DORA 2024 quantified the productivity benefit at 10% improvement in team performance and 8% improvement in individual productivity for teams using an internal developer platform with genuine autonomy. Those are not dramatic numbers in isolation, but they compound: at scale, a 10% throughput improvement across 20 product teams is the equivalent of two additional senior engineers.
Pitfalls That Kill Platform Teams
These failure modes come up in practice repeatedly. Each has a specific fix.
Building the portal before building the platform
Backstage is a React frontend. An IDP is everything behind it. Teams that spend three months deploying a Backstage instance before building reliable Terraform modules ship a UI that integrates nothing, surfaces broken links, and generates tickets from frustrated users. The correct sequence: build the resource plane first, expose it through a CLI, prove it works reliably at the command line, and then add a portal as a better interface to automation that already exists. A portal built on top of working automation is genuinely useful. A portal built in anticipation of automation is a maintenance burden that undermines trust in the platform before it has done anything.
Mandating the platform before it is better than the alternative
If a product team can provision a staging environment faster by writing their own Terraform than by using the self-service flow, they will — and they are right to do so. Mandating the slower path destroys goodwill and, per DORA 2024, measurably degrades delivery performance. The readiness test before mandating: can a developer with no platform expertise use the self-service path successfully on the first attempt, without reading documentation or asking for help? If the answer is no, the path is not ready to mandate.

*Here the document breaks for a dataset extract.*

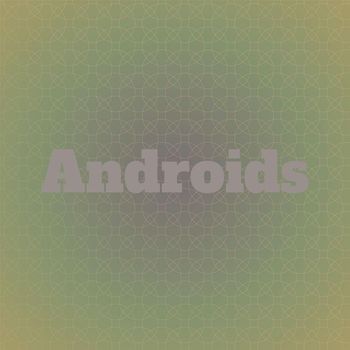 Various Artists - Androids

Treating the service catalog as a manually maintained wiki
A catalog that is hand-curated goes stale within weeks. Every service entry that was accurate six months ago and is now wrong erodes trust in the entire catalog. The fix is to derive catalog entries from infrastructure state: auto-register services from Terraform outputs, sync ownership from GitHub CODEOWNERS files, pull SLO status from Prometheus. The catalog should be a read-only view of actual system state, not a wiki that teams are expected to keep current.
Skipping the golden path for the "edge case" that is actually 40% of traffic
Platform teams frequently defer building support for a workload type because it seems uncommon, only to discover it represents a significant fraction of the organisation's services once they audit. Before declaring something an out-of-scope edge case, count the actual services in that category. If more than three or four teams are maintaining their own variation of the same pattern, the platform needs to absorb it.
Zero platform SLOs
When the platform is unreliable, it does not just block the platform team — it blocks every product team simultaneously. A Terraform workspace provisioner that fails 20% of the time causes infrastructure-step failures across every CI run in the organisation. Define explicit SLOs for the platform's critical paths: golden path end-to-end success rate, environment provisioning P95 latency, and portal availability. Track them on a shared dashboard. Treat breaches as SEV-2 incidents, because to the affected teams they are.
The platform team's job is to reduce the cognitive load required of stream-aligned teams — not to reduce their autonomy.